The internet is for lonely people. People should live. Charlton Heston
Stone isn't a bad director, technically speaking. He's just a dishonest, lying piece of human filth who should be crucified with jagged rusty nails on splintery boards, dumped on a midden heap someplace and left to die in slow agony with his vocal chords slit so he can't scream about any more fake conspiracies.
Did Oliver Stone kill your budgie, hob?
I don't particularly like the man but I would have paid to see the Arnie vs the Apes movie that never actually got off the ground. I thought it sounded an interesting project.
Os: Have you reflected on the irony of your reprinting three long paragraphs about a movie that was never made while maintaining a signature line that reads, The internet is for lonely people. People should live.?
But thank you for the information. I didn't doubt it, just had never heard such a thing. But given Arnie's being preoccupied with governing California, he couldn't have done the flick by the mid-2000s. I still think he would have been not only wrong for, but totally uninteresting in, I Am Legend.
Haddock: Arnie vs. the Apes would have been better than Arnie vs. zombies. Even so, that doesn't mean it would have been good.
Incidentally, I just finished watching Planet of the Apes on TCM here. It was preceded by King Kong and succeeded by Beneath the Planet of the Apes, both of which I missed. (Beneath is on as I type but while I caught a bit of it I watched the news instead.)
Actually, I only saw the very end of Planet of the Apes anyway. I was watching an episode of Gunsmoke on the Encore Western Channel instead.
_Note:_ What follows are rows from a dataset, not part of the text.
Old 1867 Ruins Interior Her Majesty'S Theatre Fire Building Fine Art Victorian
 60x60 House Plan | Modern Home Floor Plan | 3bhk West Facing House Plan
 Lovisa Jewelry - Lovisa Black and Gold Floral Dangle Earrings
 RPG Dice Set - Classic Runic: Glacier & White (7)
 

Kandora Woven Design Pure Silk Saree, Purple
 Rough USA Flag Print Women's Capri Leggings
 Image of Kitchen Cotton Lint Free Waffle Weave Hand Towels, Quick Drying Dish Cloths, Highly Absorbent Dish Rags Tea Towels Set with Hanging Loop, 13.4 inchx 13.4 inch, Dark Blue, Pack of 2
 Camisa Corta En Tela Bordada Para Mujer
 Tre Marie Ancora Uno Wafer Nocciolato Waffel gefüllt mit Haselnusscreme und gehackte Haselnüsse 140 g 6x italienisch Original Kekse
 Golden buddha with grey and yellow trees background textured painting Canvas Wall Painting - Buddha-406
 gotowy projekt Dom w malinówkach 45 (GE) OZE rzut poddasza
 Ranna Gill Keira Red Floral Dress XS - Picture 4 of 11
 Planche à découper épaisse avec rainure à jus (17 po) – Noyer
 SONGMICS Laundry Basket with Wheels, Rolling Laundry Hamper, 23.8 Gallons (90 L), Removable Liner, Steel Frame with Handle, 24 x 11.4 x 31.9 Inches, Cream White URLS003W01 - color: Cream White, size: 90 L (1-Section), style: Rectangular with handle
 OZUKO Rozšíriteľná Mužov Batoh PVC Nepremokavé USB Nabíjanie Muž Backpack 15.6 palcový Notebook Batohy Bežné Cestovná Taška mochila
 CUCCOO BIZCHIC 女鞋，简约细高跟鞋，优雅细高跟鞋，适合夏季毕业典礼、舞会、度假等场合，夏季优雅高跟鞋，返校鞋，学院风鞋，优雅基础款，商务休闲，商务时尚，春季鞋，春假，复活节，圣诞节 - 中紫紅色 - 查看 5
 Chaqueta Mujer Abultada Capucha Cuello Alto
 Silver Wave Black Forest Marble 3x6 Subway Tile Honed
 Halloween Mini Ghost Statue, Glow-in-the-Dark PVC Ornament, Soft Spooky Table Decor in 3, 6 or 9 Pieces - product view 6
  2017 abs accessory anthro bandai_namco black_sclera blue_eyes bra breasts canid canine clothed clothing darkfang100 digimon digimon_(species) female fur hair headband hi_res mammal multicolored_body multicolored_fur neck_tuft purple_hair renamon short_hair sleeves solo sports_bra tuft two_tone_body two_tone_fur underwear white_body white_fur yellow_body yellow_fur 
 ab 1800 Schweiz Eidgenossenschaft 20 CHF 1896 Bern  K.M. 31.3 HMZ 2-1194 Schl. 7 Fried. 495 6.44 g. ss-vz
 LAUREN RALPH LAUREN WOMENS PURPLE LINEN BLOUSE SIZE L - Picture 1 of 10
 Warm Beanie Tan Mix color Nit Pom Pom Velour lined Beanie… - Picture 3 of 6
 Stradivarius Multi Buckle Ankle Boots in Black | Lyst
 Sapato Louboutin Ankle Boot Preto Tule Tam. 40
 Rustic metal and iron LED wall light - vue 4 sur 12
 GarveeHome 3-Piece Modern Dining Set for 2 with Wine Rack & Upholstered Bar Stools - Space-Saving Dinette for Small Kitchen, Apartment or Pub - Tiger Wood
And Beneath is only barely a Heston movie, akin in that sense to your favorite CH film of all, Tim Burton's remake of POTA.
As to the news, once in a while I do have to keep up with what's happening in the world. Just last night I saw this alarming report about a bunch of subterranean humans who've stored away a thermonuclear bomb and are threatening to blow up some kind of zoo I think. Terrible.
Yes, hob, I'm forever reflecting on the ironic things I do and say, its my hobby. I like what Chuck said about the internet, it really is for lonely people. There is really something sad about sitting down in front of a computer screen and typing stuff to complete strangers ... it is sad and lonely (unless you have a house full of noisy gits still celebrating Christmas!)
The internet is for lonely people. People should live. Charlton Heston
Join the club ccorraliza, we all enjoy Charlton Heston in Secret of the Incas on this board. I do hope you will be able to see, or obtain Plunder of the Sun and Legend of the Lost in some format, I found them very entertaining and well worth the money I paid for them.
Secret of the Incas of course has never had an official R1 release. You can get a good copy on the site Ioffer.com but choose the seller carefully. An R2 DVD from Spain is pretty good but if you're in North America you'll need an all-region player to be able to watch it.
Plunder of the Sun is in print and available on DVD.
Legend of the Lost is out of print but copies are still available from Amazon Marketplace sellers.
The last two films are okay but in truth no great classics.